Configure memory for standalone deployment
Configure memory for containers
Configure memory for state backends
- Heap state backend
- RocksDB state backend
Configure memory for batch jobs
Configure memory for sort-merge blocking shuffle

Configure memory for standalone deployment

It is recommended to configure total Flink memory (taskmanager.memory.flink.size or jobmanager.memory.flink.size) or its components for standalone deployment where you want to declare how much memory is given to Flink itself. Additionally, you can adjust JVM metaspace if it causes problems.

The total Process memory is not relevant because JVM overhead is not controlled by Flink or the deployment environment, only physical resources of the executing machine matter in this case.

Configure memory for containers

It is recommended to configure total process memory (taskmanager.memory.process.size or jobmanager.memory.process.size) for the containerized deployments (Kubernetes, Yarn or Mesos). It declares how much memory in total should be assigned to the Flink JVM process and corresponds to the size of the requested container.

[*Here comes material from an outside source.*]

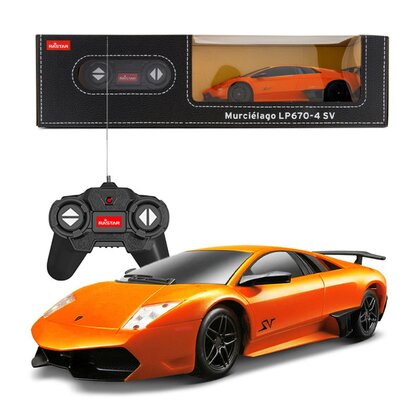 Rastar - Masinuta cu telecomanda Lamborghini Murcielago LP670 ,  Scara 1:24, Portocaliu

Note If you configure the total Flink memory Flink will implicitly add JVM memory components to derive the total process memory and request a container with the memory of that derived size.

Warning: If Flink or user code allocates unmanaged off-heap (native) memory beyond the container size the job can fail because the deployment environment can kill the offending containers.

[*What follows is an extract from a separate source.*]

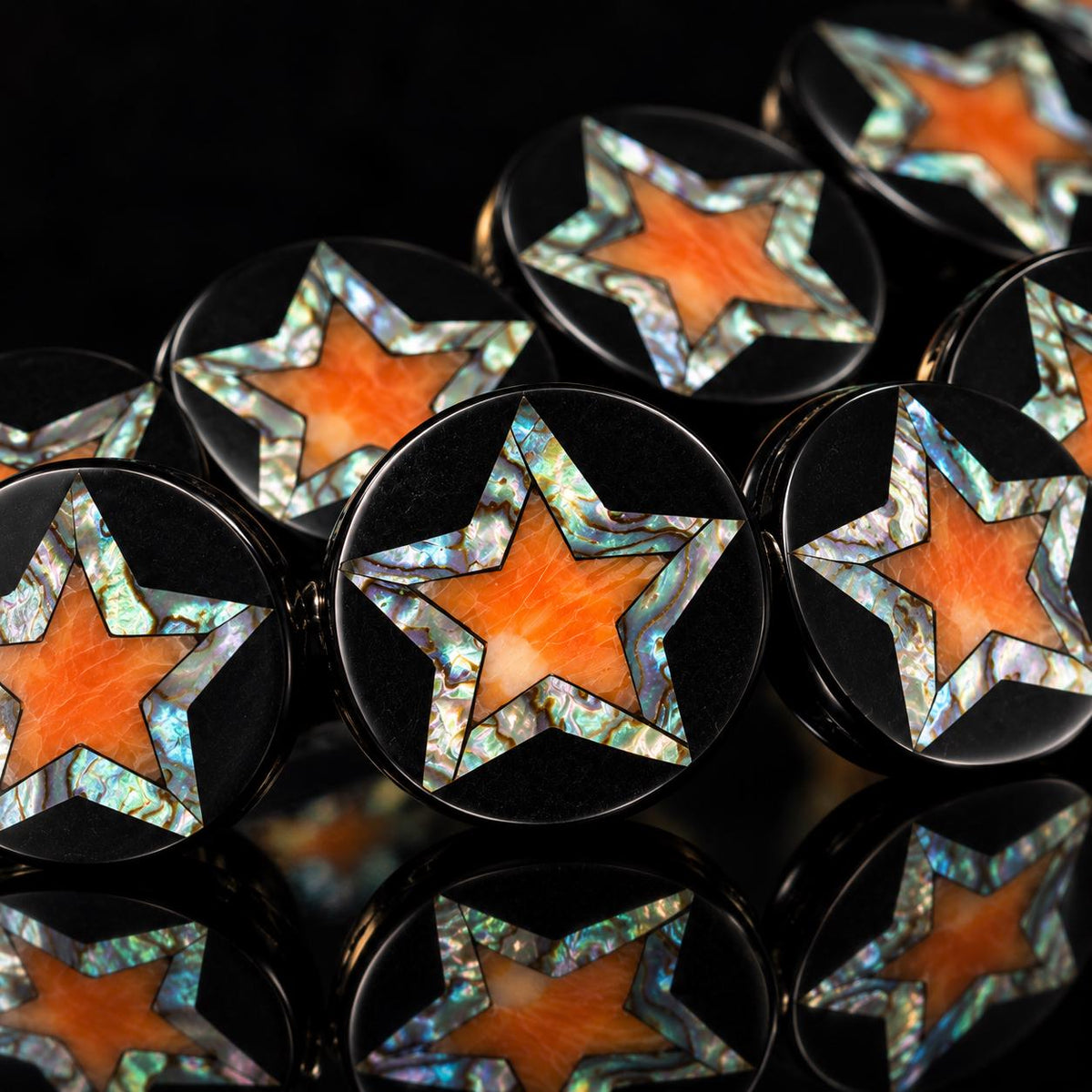 Spiny Oyster & Abalone Shell Beads - Black Mosaic Star Inlay - Small Batch Production - Native American Style- Double Sided 20mm Coin (F510)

See also description of container memory exceeded failure.

Configure memory for state backends

This is only relevant for TaskManagers.

When deploying a Flink streaming application, the type of state backend used will dictate the optimal memory configurations of your cluster.

Heap state backend

When running a stateless job or using a heap state backend (MemoryStateBackend or FsStateBackend), set managed memory to zero. This will ensure that the maximum amount of heap memory is allocated for user code on the JVM.

RocksDB state backend

The RocksDBStateBackend uses native memory. By default, RocksDB is set up to limit native memory allocation to the size of the managed memory. Therefore, it is important to reserve enough managed memory for your state. If you disable the default RocksDB memory control, TaskManagers can be killed in containerized deployments if RocksDB allocates memory above the limit of the requested container size (the total process memory). See also how to tune RocksDB memory and state.backend.rocksdb.memory.managed.

Configure memory for batch jobs

This is only relevant for TaskManagers.

Flink’s batch operators leverage managed memory to run more efficiently. In doing so, some operations can be performed directly on raw data without having to be deserialized into Java objects. This means that managed memory configurations have practical effects on the performance of your applications. Flink will attempt to allocate and use as much managed memory as configured for batch jobs but not go beyond its limits. This prevents OutOfMemoryError’s because Flink knows precisely how much memory it has to leverage. If the managed memory is not sufficient, Flink will gracefully spill to disk.

Configure memory for sort-merge blocking shuffle

The number of required network buffers per sort-merge blocking result partition is controlled by taskmanager.network.sort-shuffle.min-buffers and the default value is 64 which is quite small. Though it can work for arbitrary parallelism, the performance may not be the best. For large scale jobs, it is suggested to increase this config value to improve compression ratio and reduce small network packets which is good for performance. To increase this value, you may also need to increase the size of total network memory by adjusting the config values of taskmanager.memory.network.fraction, taskmanager.memory.network.min and taskmanager. memory.network.max to avoid insufficient number of network buffers error.

Except for network memory, the sort-merge blocking shuffle implementation also uses some unmanaged direct memory for shuffle data writing and reading. So to use sort-merge blocking shuffle, you may need to reserve some direct memory for it by increasing the config value of taskmanager.memory.task .off-heap.size. If direct memory OOM error occurs after you enable the sort-merge blocking shuffle, you can just give more direct memory until the OOM error disappears.